But the legislator leading the state's efforts on AI regulation hopes that a shifting national landscape will make a difference in the 2025 legislative session.
State Sen. James Maroney, D- Milford, co-chairman of the legislative General Law Committee, has led efforts to put together a consortium of representatives from all states to discuss the issue and prevent a patchwork approach if the federal government won't take the lead on regulations.
Maroney said that, as of this week, only North Dakota, Alabama and Indiana are missing from that effort and he has potential interest from lawmakers in two of those states.
"We have been meeting twice a month with legislators from around the country to try to come up with a common framework," he said.
A spokeswoman for Lamont's office said his position has not changed since the spring and he remains in support of federal regulation as opposed to "a patchwork set of laws in the states."
Lamont said in May he was "just not convinced that you want 50 states each doing their own thing." He also said he did not want to see the state curb AI's potential before fully recognizing what it could be. He said that if the measure would not be addressed on a federal level that he would like to see cooperation between other state houses on developing regulations.
"If you don't think the feds are going to take the lead on this, maybe the states should, but you shouldn't have one state doing it. You should have us do this as a collective," he said.
Maroney said the consortium of lawmakers is hopeful that over a dozen states will pass regulatory bills in their upcoming legislative sessions, adding to a federal consensus around consistent guidelines. Four states — California, Colorado, Minnesota and Illinois — passed laws that include some component of the regulations included in the 2024 Connecticut bill this year, he said.
Although California Gov. Gavin Newsom vetoed that state's own AI safety bill, calling the measures included in the bill too stringent and restrictive of innovation, he signed a different bill requiring AI developers to disclose information about the data used to train their models. Maroney called it a "first step" to ensuring data privacy protections.
"The saying is 'garbage in, garbage out,'" he said. "The most important first step is understanding what data your model was trained on."
The bill vetoed by Newsom, Maroney said, concerned artificial intelligence in high-risk situations, whereas the ambitions of the consortium are focused on "known harms," such as algorithms being used to discriminate in housing and hiring.
In Connecticut, new provisions increasing data privacy protections for minors went into effect on Oct. 1. There were included in state statute that passed in 2023. Maroney said it's one area where Connecticut has been a leader for other states, who are seeking to adopt similar provisions.
Colleen Bielitz, associate vice president for strategic initiatives and outreach at Southern Connecticut State University, said the state has done a "good job" in taking some measures, such as Lamont signing a bill in 2023 that establishes some artificial intelligence oversight.
However, she said she believes that if the state and nation do not go further in enacting other regulations and oversight that it introduces more risks to the erosion of data privacy.
"There's a number of arguments for more regulation, and they're all the same things you hear about when people talk about ethical biases," she said.
Bielitz said artificial intelligence developers have mostly been shielded from accountability by Section 230 of the Communications Act of 1934, passed in 1996 before the field looked the way it does today.

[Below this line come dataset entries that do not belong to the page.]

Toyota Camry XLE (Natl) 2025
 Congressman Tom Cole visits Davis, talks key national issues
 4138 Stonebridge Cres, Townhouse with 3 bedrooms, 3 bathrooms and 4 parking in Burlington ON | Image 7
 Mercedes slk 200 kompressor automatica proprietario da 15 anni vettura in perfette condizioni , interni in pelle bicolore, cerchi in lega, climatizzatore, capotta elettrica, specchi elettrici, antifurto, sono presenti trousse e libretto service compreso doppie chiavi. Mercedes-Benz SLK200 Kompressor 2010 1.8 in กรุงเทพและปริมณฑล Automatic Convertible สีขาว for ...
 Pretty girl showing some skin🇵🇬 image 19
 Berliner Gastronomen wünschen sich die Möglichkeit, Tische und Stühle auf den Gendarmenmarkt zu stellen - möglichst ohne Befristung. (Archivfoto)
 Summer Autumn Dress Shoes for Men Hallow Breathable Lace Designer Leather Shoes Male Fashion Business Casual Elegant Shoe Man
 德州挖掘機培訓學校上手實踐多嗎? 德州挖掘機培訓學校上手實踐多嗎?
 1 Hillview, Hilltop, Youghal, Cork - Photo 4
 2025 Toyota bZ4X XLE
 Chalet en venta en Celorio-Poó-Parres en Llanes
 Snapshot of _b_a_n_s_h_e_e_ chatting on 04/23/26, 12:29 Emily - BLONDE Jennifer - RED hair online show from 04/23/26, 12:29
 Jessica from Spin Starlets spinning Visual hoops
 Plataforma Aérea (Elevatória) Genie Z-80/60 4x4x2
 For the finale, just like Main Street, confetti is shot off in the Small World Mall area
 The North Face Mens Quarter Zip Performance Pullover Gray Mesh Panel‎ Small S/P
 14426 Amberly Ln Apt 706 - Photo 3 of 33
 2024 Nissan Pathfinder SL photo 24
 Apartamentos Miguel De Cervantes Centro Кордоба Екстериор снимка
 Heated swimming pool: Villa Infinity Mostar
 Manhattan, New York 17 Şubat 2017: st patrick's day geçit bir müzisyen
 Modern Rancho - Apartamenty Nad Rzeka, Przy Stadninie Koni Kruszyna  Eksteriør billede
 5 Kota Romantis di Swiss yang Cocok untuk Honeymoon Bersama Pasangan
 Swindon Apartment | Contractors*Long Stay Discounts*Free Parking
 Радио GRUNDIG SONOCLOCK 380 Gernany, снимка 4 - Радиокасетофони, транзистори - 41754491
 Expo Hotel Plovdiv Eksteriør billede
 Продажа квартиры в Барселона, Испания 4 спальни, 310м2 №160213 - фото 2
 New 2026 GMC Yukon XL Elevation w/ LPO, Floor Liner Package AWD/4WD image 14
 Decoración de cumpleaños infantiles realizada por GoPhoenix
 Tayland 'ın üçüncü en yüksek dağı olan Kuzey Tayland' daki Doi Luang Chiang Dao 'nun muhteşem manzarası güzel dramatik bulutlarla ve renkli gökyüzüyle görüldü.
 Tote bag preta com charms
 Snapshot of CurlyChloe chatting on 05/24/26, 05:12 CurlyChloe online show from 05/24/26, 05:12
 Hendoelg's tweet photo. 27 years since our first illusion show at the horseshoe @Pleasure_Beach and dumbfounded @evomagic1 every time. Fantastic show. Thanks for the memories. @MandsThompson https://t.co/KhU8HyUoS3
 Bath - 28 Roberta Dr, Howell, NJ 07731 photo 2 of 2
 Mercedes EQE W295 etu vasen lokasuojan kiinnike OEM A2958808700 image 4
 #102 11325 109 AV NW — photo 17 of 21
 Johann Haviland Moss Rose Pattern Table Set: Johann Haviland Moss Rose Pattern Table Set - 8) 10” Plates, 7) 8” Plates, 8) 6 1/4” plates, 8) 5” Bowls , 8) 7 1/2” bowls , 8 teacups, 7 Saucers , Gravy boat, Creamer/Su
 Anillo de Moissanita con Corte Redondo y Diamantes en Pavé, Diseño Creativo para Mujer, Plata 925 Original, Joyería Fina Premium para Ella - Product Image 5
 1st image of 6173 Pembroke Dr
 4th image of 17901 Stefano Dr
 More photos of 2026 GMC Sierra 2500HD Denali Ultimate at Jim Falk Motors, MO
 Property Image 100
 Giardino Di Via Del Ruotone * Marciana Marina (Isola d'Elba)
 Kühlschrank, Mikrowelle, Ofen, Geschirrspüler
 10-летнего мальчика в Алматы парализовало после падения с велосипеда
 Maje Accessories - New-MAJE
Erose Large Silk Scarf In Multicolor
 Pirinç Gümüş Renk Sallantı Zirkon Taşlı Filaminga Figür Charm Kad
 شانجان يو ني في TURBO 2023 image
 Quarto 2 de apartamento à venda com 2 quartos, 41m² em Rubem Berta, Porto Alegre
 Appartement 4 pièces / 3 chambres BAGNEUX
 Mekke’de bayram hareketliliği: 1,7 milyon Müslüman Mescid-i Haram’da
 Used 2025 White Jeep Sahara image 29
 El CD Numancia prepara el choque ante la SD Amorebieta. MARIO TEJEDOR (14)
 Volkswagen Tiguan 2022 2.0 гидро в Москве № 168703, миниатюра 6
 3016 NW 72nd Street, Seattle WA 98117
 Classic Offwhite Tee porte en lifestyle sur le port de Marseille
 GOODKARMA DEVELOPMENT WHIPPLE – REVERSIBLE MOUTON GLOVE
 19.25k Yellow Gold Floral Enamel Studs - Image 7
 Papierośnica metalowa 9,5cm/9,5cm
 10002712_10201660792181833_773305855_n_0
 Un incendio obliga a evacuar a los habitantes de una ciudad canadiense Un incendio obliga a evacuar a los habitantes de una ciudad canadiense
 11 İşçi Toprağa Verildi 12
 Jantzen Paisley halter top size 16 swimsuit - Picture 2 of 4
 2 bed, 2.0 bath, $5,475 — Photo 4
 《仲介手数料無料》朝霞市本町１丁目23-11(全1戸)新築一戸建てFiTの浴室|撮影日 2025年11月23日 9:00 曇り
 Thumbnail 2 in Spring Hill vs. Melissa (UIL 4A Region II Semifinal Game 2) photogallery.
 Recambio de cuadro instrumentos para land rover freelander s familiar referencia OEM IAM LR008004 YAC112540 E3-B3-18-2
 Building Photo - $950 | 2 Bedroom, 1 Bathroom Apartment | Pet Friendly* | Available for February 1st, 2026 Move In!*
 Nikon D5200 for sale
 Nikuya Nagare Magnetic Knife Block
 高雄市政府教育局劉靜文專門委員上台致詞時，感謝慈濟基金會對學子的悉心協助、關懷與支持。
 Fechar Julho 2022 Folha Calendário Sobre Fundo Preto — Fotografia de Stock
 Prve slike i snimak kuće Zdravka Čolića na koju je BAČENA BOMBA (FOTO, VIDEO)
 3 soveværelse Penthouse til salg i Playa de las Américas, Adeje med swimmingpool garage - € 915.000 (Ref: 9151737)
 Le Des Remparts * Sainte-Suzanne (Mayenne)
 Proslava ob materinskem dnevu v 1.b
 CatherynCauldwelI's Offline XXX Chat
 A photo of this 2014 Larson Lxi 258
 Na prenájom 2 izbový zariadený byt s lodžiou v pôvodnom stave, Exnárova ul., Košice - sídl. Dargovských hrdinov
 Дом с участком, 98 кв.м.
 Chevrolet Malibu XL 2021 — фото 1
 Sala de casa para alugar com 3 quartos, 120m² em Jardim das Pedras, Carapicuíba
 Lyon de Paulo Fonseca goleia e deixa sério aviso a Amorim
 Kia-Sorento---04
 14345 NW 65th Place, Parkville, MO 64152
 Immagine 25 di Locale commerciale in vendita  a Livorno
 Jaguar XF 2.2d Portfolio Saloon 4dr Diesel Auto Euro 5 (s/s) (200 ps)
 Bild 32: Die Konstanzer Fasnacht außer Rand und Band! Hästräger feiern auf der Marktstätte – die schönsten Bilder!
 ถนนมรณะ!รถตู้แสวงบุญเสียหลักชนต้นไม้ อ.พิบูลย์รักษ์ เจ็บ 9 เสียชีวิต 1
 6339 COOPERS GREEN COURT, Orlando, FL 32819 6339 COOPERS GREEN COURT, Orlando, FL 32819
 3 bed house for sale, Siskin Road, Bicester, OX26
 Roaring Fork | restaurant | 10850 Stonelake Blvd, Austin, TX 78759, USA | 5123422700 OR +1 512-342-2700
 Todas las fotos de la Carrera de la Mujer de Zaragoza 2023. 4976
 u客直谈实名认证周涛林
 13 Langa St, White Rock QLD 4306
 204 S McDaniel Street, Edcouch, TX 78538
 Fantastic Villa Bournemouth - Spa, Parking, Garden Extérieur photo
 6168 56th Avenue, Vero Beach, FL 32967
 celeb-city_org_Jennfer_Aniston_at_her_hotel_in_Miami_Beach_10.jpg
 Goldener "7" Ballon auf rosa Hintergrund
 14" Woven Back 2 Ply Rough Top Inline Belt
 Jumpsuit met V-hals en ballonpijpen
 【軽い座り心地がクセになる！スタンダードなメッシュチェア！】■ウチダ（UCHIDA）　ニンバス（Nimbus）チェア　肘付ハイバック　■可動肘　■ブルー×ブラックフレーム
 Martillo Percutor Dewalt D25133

Because the models are trained on data on the internet, the models often have biases expressed on the internet baked in, she said.
"You can't go back now that the model is already built," she said.
Bielitz said she recently discovered from a friend that she had been automatically opted-in to sharing her data with a popular social media site, including sharing search queries and hashtags, and it was incumbent upon her as a user to opt out.
"It's my data and I should be able to say whether my data is being used to make these companies even more money," she said. "There are no requirements that these companies have to be accountable or liable."
Bielitz said a lack of oversight and accountability can also mean that proprietary and personal information can be revealed through artificial intelligence if someone poses a question to an online algorithm that has trained itself on conversations had by industry competitors. She said the state of the industry is an "arms race" between nations and "it's based on speed and scale, not accountability."
With data being collected in many places, including facial recognition software, through transcription of virtual meetings and tracking social media activity, Bielitz said it raises concerns about monopolistic practices.
"If we required bias audits or tests to determine whether AI is discriminatory or not and then make the results public, that way we hold the company accountable. But what are they doing to protect your data right now?" she said. "If there were accountability questions in place and companies were forced to think about their liability, they wouldn't be so fast. How are these companies going to help guard us against the threat they unleashed?"